With us, your survey or assessment data is always...
- Practically Useful: Rather than simply "statistically" valid.
- Turned Around Quickly: Into the hands of action-takers.
- Confidential: Honouring your commitments to respondents.
Any time you ask questions, you create a sense of anticipation among those you ask. For some, that anticipation is ambitious – they can’t wait to see what happens next and how they can get involved. For others, it feels more like anxiety – they worry what will happen, and how it might harm them. Reporting back as soon as is feasible sustains momentum for action, while defusing concern for negative consequences.
It does take time though to fully understand and really appreciate what your data means. It is also advisable in most cases to hold off on reporting until your path forward is somewhat clear – the first question you’ll be asked is, “What next?” Sharing a reporting schedule up front helps to keep expectations at bay. An interim report may satisfy for a time. But, the faster you get your data out there, the sooner the right things can start to happen.
We help by turning basic or repeated reports around in as little as 48 hours from the end of the data collection period. Deeper, more sophisticated analysis may take a little longer, or cascade out of your follow-up conversations with respondents. We’ll work on your schedule to keep things moving.
Move quickly, but do your reporting right. People won’t act on data if they don’t trust it. Those without the expertise to assess the technical credibility of your data often base their trust decision on more basic cues, how a report looks and feels. You can help by ensuring your reports are...
- Relevant – with only what the audience needs to know or appreciate to take the actions expected of them.
- Organized – with a structure, index, and headings to guide readers through the report.
- Highlighted – using colour and layout to draw attention to the most critical findings.
- Visual – with charts and graphs to inform and invite reflection on the part of respondents.
- Jargon free – fully explained, with language appropriate to the audience.
- Objective – reporting interpretations or recommendations so they can be heard, in a non-judgemental, direct manner.
We help by by providing reports and professional presentations customized for each of your audiences, each with a clean, concise layout, free of errors.
Any change, whether organizational or individual, involves various stakeholders with differing roles to play in change, therefore different data needs. Target your analysis and reports for different stakeholder audiences…
- Executive summaries that highlight trends, illustrate issues with high level numbers and curated comments, share conclusions, and make recommendations for their support of needed change.
- Overall reports for mid-level leaders who need top-line averages, comparative data for groups, teams or demographic identifiers, and verbatim comments so they can prioritize areas of interest then focus resources on needed actions.
- Breakdown reports for team leads and individuals, showing just the data and comments for their group so they can see what needs to be done, and are inspired to take it on.
- Raw data files in various formats for support groups like HR to conduct in-depth analysis as needed.
Clear, concise and relevant are the keys to practical reporting. Asking these questions can help…
- What change are we expecting?
- Who will be involved in that change?
- What decisions or actions do we expect of each of these individuals/groups?

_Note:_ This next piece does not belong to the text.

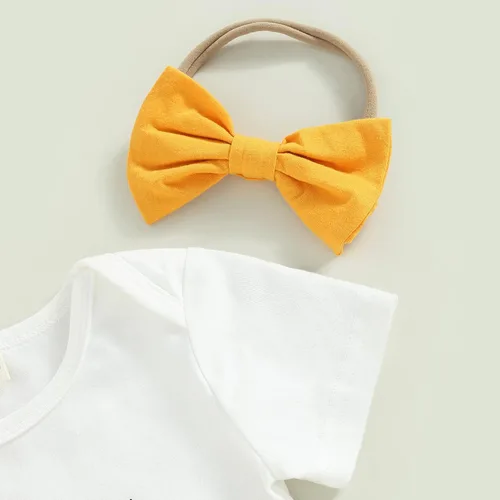 Miniatura 148 de Sejardin Ropa de verano para bebé y niña, recién nacida, manga corta, con letras, mameluco elástico con diadema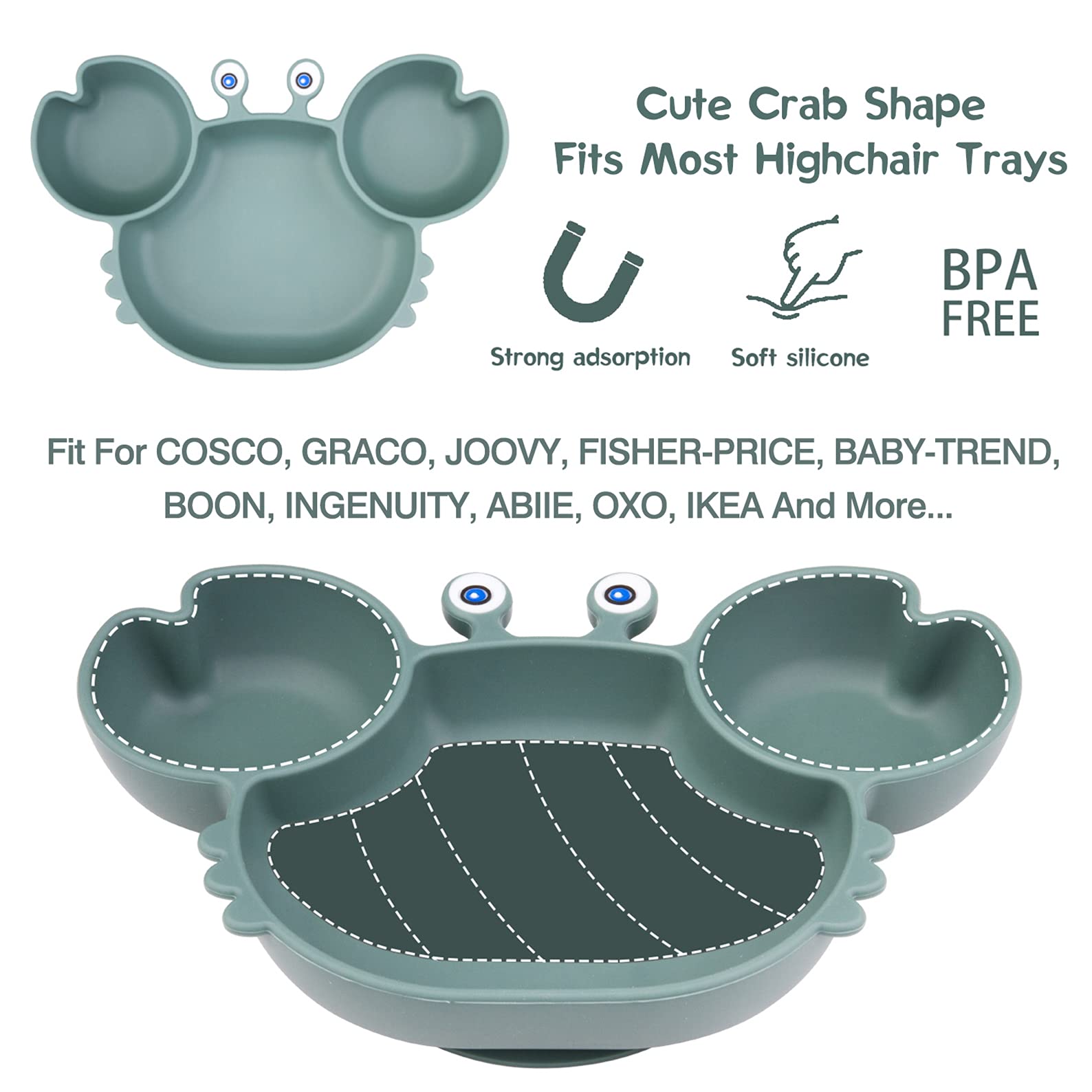Non-Slip Silicone Baby Plates with Suction - Divided Toddler Dishes for Self Feeding | BPA-Free, Microwave & Dishwasher Safe | Perfect for High Chair Meals & Daycare Use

- What data should they have to do what we expect?
- What else should they know to use that data appropriately?
We can help build reports that facilitate action. Frankly, we’re not “stats geeks”, not that there’s anything wrong with those who are. We just think data analysis and reports should facilitate action for change, rather than seek to prove something statistically.
Think of surveys and assessments as conversations to answer the questions you had when you started the project. Rather than set out to “prove” something statistically, seek to fully understand and appreciate what your respondents are telling you by....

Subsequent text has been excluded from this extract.